Une transformation du sourcing à l’œuvre
Parmi les solutions mises en avant par les répondants à cette étude, l’augmentation du double sourcing et le développement des sources locales demeurent en tête des leviers cités et passent respectivement de 64 % à 71 % et de 54 % à 68 % de citation entre 2021 2022. L’intégration de savoir-faire critiques demeure à un niveau très élevé, cité par 46 %. Tout de suite après, les relocalisations font un bond notable et passent de 25 % à 43 % en un an.
Cité par 54 % des répondants, le fait de déployer un sourcing plus respectueux de l’environnement apparait cette année dans le top 3 des leviers. « La décarbonation de la supply chain a fait l’objet de travaux importants de la part de nos clients.
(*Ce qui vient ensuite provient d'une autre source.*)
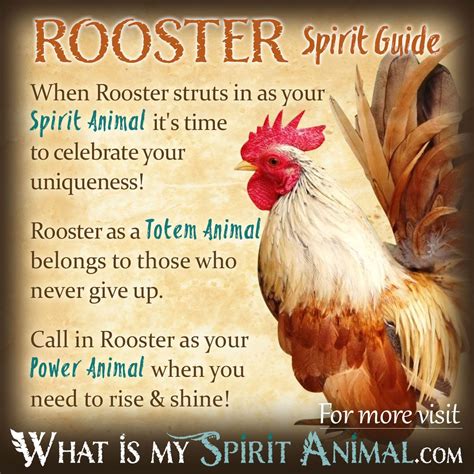 what is the meaning of rooster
L’effort se porte sur le scope3 », confirme Thibaud Moulin qui rappelle que la taxonomie financière les oblige à définir des trajectoires. C’est une réponse aux risques de conformité mais également un levier de performance supply. « Cela répond aussi à des enjeux d’agilité. Raccourcir ses flux d’approvisionnements améliore les leadtime de l’entreprise », note Thibaud Moulin.
Se transformer pour mieux prévoir
A en croire les experts du cabinet Kyu Associés, de profonds changements sont également à l’œuvre pour gagne en prédictibilité. « Les entreprises travaillent sur leurs modèles de prévision et font évoluer leurs processus de planification pour absorber cette incertitude. Elles doivent acquérir une capacité à s’adapter plus rapidement, mieux connaître leurs marchés, prendre en considération les contextes macro-économiques de façon plus précise », explique Thibaud Moulin, qui précise que ce travail est largement facilité par l’évolution des technologies.
« 2022 est l’année de la maturité. En tant que cabinet de conseil, nous sommes sollicités pour transformer le management de la supply chain, le management de des organisations pour qu’elles soient en capacité de gagner en visibilité. Les grands donneurs d’ordres sont en train de se transformer, de mettre en œuvre des solutions organisationnelles, informatiques, des processus et des stratégies pour être résilients face à ces risques », conclut Laurent Giordani, associé fondateur du cabinet Kyu.